The Labour Party has enjoyed strong support in the largely working class area for more than two decades. If the party fails to capture the "floating vote" in more affluent parts of the constituency, and the school dispute in Ballybrack remains unresolved, then Ms Niamh Bhreathnach's reelection effort in Dun Laoghaire Rathdown could run into serious difficulties.
Scoil Phadraig was set up last year with 12 junior infants, and has 26 pupils on the rolls for this September. Ballybrack Boys Football Club has given the school a temporary home and has offered to take out a loan to build it premises for the medium term.
"That's not going to go ahead now," says one of the parents in the school, Ms Bernie Stapleton. "We're going to be back in one room in the football club."
According to Ms Stapleton, there is considerable bitterness in the area at the way the parents have been treated. "Last year, we lost 20 pupils because of Niamh Bhreathnach. She asked us to move our premises. We moved and we lost 20 children."
When the school opened it did not have enough junior infants enrolled to reach a 20 pupil threshold set by the Department for official recognition and funding. Under the rules then in place the school was allowed to combine the numbers from the first two years in order to reach the threshold.
Those rules were changed without warning last week, and the school's application for recognition was refused.

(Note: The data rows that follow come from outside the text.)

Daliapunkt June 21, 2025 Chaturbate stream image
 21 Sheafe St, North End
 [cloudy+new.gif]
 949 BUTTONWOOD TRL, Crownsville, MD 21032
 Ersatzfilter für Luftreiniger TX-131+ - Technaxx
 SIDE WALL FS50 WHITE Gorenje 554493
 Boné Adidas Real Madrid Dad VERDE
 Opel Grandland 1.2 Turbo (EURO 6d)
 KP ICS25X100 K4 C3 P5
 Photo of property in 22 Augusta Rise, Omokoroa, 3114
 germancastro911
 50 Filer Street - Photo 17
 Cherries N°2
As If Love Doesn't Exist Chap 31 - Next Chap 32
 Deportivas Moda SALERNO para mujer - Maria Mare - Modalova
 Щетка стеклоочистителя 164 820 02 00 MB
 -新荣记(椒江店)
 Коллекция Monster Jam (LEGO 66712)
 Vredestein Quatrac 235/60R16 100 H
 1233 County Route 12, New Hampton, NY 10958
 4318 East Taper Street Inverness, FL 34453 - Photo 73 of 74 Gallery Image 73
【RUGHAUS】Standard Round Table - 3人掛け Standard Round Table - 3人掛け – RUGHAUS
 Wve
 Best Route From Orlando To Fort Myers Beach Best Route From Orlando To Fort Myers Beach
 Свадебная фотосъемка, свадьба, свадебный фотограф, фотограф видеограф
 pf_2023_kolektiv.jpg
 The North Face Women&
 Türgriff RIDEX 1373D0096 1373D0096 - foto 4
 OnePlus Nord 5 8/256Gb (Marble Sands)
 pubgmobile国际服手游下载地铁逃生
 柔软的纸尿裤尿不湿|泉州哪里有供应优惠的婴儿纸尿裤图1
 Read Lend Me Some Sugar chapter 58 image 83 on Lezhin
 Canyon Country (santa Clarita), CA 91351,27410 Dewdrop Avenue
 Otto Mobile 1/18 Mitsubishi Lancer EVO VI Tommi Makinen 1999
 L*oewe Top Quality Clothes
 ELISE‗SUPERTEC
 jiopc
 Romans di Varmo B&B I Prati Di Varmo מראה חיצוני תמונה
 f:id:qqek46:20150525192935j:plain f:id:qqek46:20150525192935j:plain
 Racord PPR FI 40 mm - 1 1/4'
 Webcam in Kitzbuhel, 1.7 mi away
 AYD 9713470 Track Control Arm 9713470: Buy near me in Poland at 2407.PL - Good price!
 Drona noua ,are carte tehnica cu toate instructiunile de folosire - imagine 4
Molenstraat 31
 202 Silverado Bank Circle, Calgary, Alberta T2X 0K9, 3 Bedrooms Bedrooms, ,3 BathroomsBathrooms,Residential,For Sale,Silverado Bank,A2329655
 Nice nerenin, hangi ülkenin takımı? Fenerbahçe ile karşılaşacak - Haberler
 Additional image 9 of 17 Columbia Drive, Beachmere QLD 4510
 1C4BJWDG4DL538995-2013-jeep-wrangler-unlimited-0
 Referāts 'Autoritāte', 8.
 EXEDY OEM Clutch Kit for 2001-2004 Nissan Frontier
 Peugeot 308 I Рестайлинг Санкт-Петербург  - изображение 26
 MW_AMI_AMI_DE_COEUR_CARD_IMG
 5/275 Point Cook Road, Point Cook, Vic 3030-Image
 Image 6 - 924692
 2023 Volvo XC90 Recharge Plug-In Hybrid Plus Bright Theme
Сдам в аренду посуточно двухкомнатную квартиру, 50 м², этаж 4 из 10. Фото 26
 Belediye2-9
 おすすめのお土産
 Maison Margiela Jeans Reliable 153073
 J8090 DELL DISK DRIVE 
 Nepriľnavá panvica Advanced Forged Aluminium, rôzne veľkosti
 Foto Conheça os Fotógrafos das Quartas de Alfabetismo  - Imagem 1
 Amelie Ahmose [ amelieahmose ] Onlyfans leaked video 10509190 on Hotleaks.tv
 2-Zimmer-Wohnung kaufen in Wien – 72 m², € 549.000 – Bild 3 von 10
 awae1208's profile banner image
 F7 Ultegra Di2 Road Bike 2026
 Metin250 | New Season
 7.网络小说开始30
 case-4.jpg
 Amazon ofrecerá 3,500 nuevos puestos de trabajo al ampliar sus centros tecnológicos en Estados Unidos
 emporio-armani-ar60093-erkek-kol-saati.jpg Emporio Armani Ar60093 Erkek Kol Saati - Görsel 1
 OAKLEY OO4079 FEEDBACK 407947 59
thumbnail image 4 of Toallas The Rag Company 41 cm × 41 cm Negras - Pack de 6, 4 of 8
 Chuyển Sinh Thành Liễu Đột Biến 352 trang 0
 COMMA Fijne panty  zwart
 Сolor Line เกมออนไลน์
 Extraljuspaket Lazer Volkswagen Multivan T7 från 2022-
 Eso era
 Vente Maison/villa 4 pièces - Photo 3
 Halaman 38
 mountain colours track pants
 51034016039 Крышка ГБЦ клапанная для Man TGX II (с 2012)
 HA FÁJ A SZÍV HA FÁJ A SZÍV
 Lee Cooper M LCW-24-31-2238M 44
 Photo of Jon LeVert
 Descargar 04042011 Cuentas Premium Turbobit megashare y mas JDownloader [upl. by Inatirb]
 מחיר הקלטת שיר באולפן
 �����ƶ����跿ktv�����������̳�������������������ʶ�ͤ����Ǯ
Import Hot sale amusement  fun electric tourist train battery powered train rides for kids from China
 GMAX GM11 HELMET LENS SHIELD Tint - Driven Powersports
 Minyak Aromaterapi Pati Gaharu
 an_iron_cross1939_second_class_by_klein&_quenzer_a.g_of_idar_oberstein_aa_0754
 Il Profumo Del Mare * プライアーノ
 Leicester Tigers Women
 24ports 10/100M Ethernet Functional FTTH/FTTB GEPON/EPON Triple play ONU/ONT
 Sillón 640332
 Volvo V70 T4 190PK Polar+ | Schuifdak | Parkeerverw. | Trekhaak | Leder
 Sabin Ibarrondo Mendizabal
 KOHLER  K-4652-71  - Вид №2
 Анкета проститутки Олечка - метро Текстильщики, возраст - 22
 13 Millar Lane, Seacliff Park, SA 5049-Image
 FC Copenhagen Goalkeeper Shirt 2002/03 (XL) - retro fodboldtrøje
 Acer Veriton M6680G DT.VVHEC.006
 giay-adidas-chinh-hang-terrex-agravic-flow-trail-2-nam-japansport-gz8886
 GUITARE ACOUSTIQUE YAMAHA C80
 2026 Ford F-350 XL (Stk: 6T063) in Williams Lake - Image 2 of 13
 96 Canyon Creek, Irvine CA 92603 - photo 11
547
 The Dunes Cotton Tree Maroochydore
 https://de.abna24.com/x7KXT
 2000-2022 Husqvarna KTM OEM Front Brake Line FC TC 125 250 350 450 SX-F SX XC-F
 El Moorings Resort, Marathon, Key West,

"We had a meeting with Niamh Bhreathnach last year and she promised us we could combine the two years together to make up our 20 pupils. We've more than 20 pupils now," says Ms Stapleton.
"I'm so angry, it's just unreal. Plus the fact that she's our local Labour representative and she won't speak to us. We've had four appointments with her and three of them she didn't show up to. She hadn't the decency to ring us and tell us she had cancelled them."
At the heart of the row lies a dilemma for the Department of Education that is repeated in Waterford, Maynooth, Trim, Clones, Enniscorthy and Whitehall in Dublin - where the Department has also refused to recognise new Gaelscoileanna.
The Department wants to "rationalise" and amalgamate schools, because the national school going population is falling. But the all Irish sector is growing apace, with an average 10 per cent increase in the number of such schools every year for the past three years.
It is still very small about 5 per cent of all schools are Gaelscoileanna. Nor is there any evidence that the demand for them has peaked in 1993, a national survey on languages by ITE (the linguistics institute), found that almost a third of parents surveyed would send their children to an all Irish school if one was available locally.
This was a slight rise on previous surveys, while a steady 70 per cent of parents in 1973, 1983 and 1993 felt the Government should provide all Irish schools wherever the public wants them.
The row has also exposed a wide gulf between the rhetoric in the White Paper on Education and actual practice. When she launched the White Paper in April, 1995, Ms Breathnach said it was "underpinned" by five fundamental principles - equality, partnership, pluralism, accountability and quality.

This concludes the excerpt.